Dataset excerpt: Begin

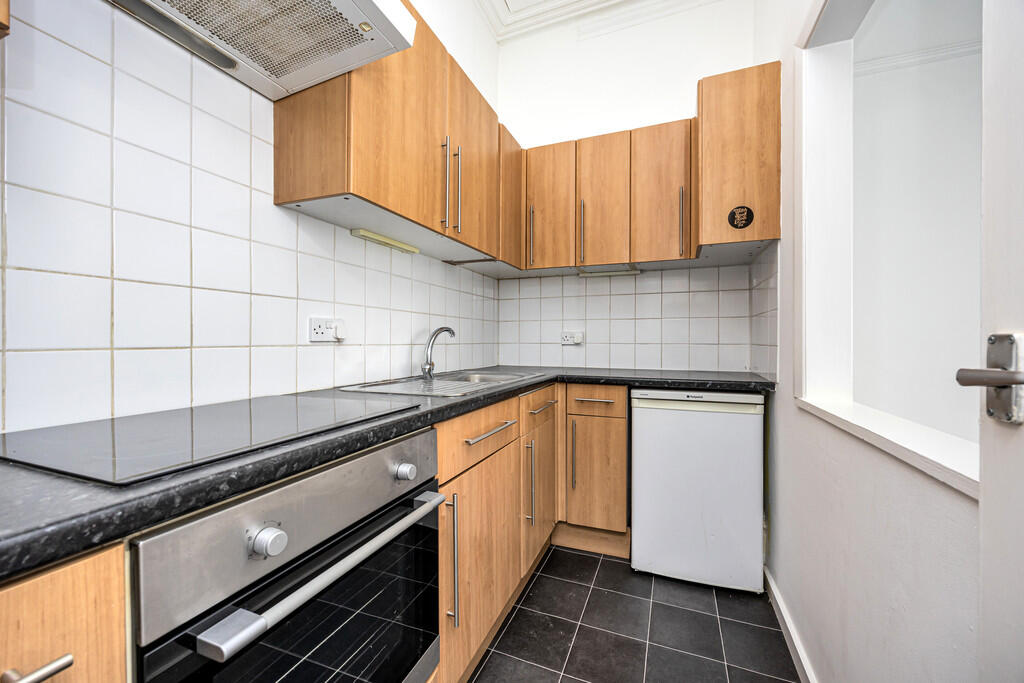 Belgrave Place_13...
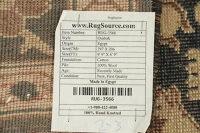 https://image-static-obj.rugsource.com/small/58452_3445005_c3b23b41.jpeg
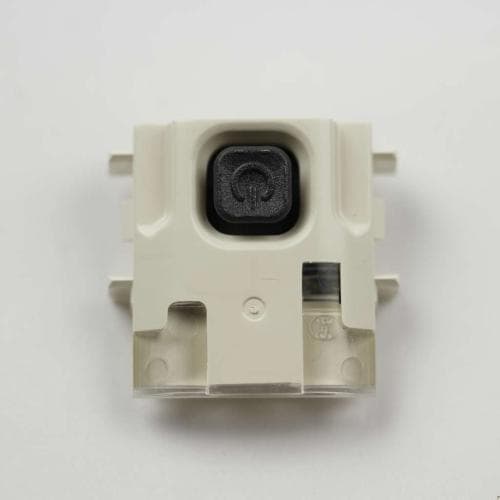 SDEBR77970405 ebr77970405-ap6318459-sub-psu-board-assembly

Dataset excerpt: End

● Problem description:
Without the pictures, write out the entire listing exactly.

● Task solution:
 Belgrave Place_13...
 https://image-static-obj.rugsource.com/small/58452_3445005_c3b23b41.jpeg
 SDEBR77970405 ebr77970405-ap6318459-sub-psu-board-assembly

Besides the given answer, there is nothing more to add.